• What is expected: Could you copy exactly the lines below, beginning at the line with "Model wearing the" and stopping after the line with "New Laptop Apple", with no pictures?

• Data for this exercise:

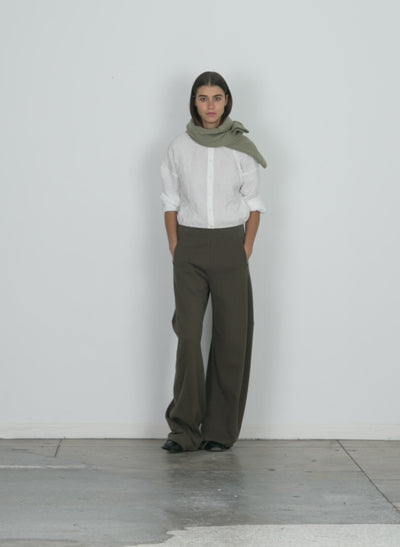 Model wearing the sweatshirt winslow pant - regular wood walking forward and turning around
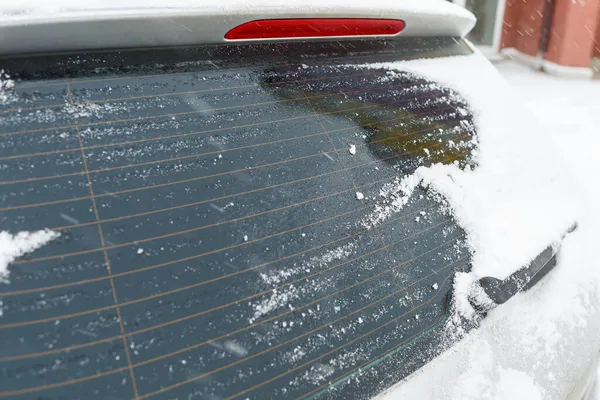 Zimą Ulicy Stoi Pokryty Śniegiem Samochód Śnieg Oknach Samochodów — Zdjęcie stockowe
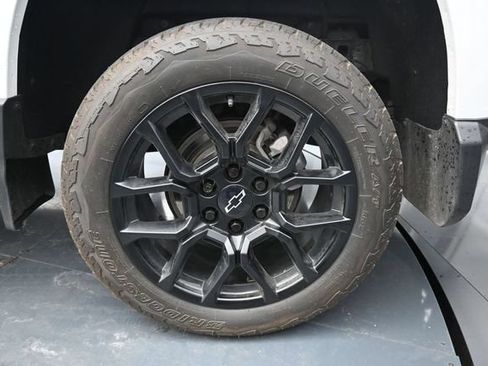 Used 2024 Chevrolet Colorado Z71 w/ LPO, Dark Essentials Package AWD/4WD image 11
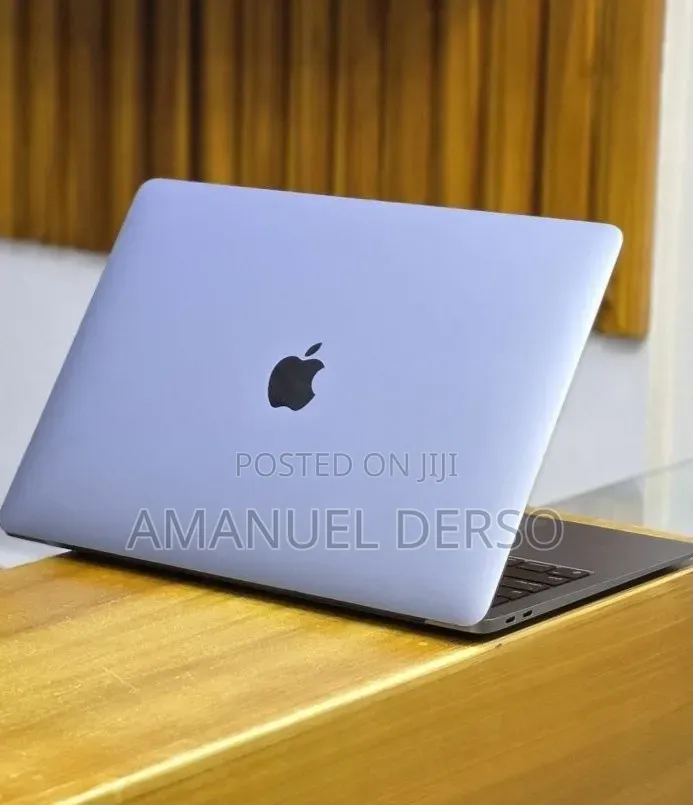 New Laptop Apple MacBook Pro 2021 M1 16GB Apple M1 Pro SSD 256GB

==

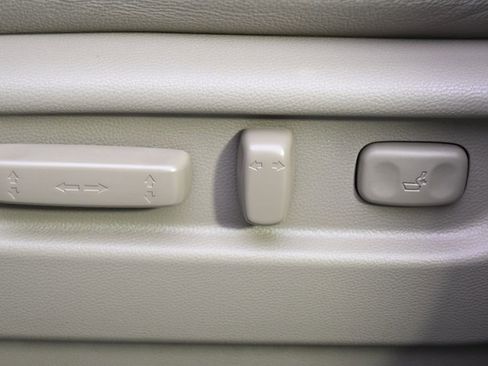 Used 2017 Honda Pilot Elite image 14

• Finished exercise:
 Model wearing the sweatshirt winslow pant - regular wood walking forward and turning around
 Zimą Ulicy Stoi Pokryty Śniegiem Samochód Śnieg Oknach Samochodów — Zdjęcie stockowe
 Used 2024 Chevrolet Colorado Z71 w/ LPO, Dark Essentials Package AWD/4WD image 11
 New Laptop Apple MacBook Pro 2021 M1 16GB Apple M1 Pro SSD 256GB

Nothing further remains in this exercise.